▶ _Exercise details_:
Print the records exactly. Miss nothing.
= = = = = = =
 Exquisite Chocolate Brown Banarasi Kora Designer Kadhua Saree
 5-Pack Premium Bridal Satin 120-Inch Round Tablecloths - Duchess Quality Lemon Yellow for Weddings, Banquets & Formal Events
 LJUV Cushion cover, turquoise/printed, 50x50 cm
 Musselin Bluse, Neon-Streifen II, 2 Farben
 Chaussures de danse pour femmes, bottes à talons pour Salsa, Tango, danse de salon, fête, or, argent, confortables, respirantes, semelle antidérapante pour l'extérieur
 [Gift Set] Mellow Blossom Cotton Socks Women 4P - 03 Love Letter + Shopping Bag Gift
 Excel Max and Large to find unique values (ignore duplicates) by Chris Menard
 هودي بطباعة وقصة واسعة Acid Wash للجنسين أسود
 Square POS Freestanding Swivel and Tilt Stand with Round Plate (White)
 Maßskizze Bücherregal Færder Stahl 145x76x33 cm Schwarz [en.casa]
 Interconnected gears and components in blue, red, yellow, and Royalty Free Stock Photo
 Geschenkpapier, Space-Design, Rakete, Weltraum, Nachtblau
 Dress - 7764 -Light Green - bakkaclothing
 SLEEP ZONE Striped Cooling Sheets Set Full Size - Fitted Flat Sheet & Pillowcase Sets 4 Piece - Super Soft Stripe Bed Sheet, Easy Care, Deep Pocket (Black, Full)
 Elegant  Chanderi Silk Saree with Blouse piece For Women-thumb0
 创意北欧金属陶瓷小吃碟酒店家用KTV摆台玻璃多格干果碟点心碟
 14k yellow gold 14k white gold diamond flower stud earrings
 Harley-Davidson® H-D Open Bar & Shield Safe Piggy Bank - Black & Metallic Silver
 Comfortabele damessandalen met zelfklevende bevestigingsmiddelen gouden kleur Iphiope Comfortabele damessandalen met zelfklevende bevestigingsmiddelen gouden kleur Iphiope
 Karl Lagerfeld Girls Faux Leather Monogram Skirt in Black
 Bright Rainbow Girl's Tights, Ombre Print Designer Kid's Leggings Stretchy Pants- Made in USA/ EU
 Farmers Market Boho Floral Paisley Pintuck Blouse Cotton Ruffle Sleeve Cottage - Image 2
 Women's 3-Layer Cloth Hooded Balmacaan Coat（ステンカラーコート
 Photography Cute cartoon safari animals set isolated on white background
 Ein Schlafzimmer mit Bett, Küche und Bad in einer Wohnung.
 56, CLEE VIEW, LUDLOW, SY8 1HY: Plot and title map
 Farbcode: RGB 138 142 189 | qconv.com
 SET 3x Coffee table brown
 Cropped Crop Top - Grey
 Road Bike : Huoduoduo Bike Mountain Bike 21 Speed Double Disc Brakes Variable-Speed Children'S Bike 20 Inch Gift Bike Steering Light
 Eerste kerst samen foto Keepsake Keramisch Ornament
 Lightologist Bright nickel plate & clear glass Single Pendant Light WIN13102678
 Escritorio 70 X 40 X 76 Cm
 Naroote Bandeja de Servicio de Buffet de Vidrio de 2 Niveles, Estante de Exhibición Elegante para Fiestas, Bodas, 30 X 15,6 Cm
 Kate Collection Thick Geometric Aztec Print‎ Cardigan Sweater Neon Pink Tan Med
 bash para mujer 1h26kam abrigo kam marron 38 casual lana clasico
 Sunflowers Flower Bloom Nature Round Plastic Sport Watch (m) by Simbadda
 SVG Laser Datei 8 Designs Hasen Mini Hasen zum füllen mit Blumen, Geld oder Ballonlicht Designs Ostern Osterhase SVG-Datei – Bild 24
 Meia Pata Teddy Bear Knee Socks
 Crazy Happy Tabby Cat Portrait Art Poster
= = = = = = =
▶ _Output_:
 Exquisite Chocolate Brown Banarasi Kora Designer Kadhua Saree
 5-Pack Premium Bridal Satin 120-Inch Round Tablecloths - Duchess Quality Lemon Yellow for Weddings, Banquets & Formal Events
 LJUV Cushion cover, turquoise/printed, 50x50 cm
 Musselin Bluse, Neon-Streifen II, 2 Farben
 Chaussures de danse pour femmes, bottes à talons pour Salsa, Tango, danse de salon, fête, or, argent, confortables, respirantes, semelle antidérapante pour l'extérieur
 [Gift Set] Mellow Blossom Cotton Socks Women 4P - 03 Love Letter + Shopping Bag Gift
 Excel Max and Large to find unique values (ignore duplicates) by Chris Menard
 هودي بطباعة وقصة واسعة Acid Wash للجنسين أسود
 Square POS Freestanding Swivel and Tilt Stand with Round Plate (White)
 Maßskizze Bücherregal Færder Stahl 145x76x33 cm Schwarz [en.casa]
 Interconnected gears and components in blue, red, yellow, and Royalty Free Stock Photo
 Geschenkpapier, Space-Design, Rakete, Weltraum, Nachtblau
 Dress - 7764 -Light Green - bakkaclothing
 SLEEP ZONE Striped Cooling Sheets Set Full Size - Fitted Flat Sheet & Pillowcase Sets 4 Piece - Super Soft Stripe Bed Sheet, Easy Care, Deep Pocket (Black, Full)
 Elegant  Chanderi Silk Saree with Blouse piece For Women-thumb0
 创意北欧金属陶瓷小吃碟酒店家用KTV摆台玻璃多格干果碟点心碟
 14k yellow gold 14k white gold diamond flower stud earrings
 Harley-Davidson® H-D Open Bar & Shield Safe Piggy Bank - Black & Metallic Silver
 Comfortabele damessandalen met zelfklevende bevestigingsmiddelen gouden kleur Iphiope Comfortabele damessandalen met zelfklevende bevestigingsmiddelen gouden kleur Iphiope
 Karl Lagerfeld Girls Faux Leather Monogram Skirt in Black
 Bright Rainbow Girl's Tights, Ombre Print Designer Kid's Leggings Stretchy Pants- Made in USA/ EU
 Farmers Market Boho Floral Paisley Pintuck Blouse Cotton Ruffle Sleeve Cottage - Image 2
 Women's 3-Layer Cloth Hooded Balmacaan Coat（ステンカラーコート
 Photography Cute cartoon safari animals set isolated on white background
 Ein Schlafzimmer mit Bett, Küche und Bad in einer Wohnung.
 56, CLEE VIEW, LUDLOW, SY8 1HY: Plot and title map
 Farbcode: RGB 138 142 189 | qconv.com
 SET 3x Coffee table brown
 Cropped Crop Top - Grey
 Road Bike : Huoduoduo Bike Mountain Bike 21 Speed Double Disc Brakes Variable-Speed Children'S Bike 20 Inch Gift Bike Steering Light
 Eerste kerst samen foto Keepsake Keramisch Ornament
 Lightologist Bright nickel plate & clear glass Single Pendant Light WIN13102678
 Escritorio 70 X 40 X 76 Cm
 Naroote Bandeja de Servicio de Buffet de Vidrio de 2 Niveles, Estante de Exhibición Elegante para Fiestas, Bodas, 30 X 15,6 Cm
 Kate Collection Thick Geometric Aztec Print‎ Cardigan Sweater Neon Pink Tan Med
 bash para mujer 1h26kam abrigo kam marron 38 casual lana clasico
 Sunflowers Flower Bloom Nature Round Plastic Sport Watch (m) by Simbadda
 SVG Laser Datei 8 Designs Hasen Mini Hasen zum füllen mit Blumen, Geld oder Ballonlicht Designs Ostern Osterhase SVG-Datei – Bild 24
 Meia Pata Teddy Bear Knee Socks
 Crazy Happy Tabby Cat Portrait Art Poster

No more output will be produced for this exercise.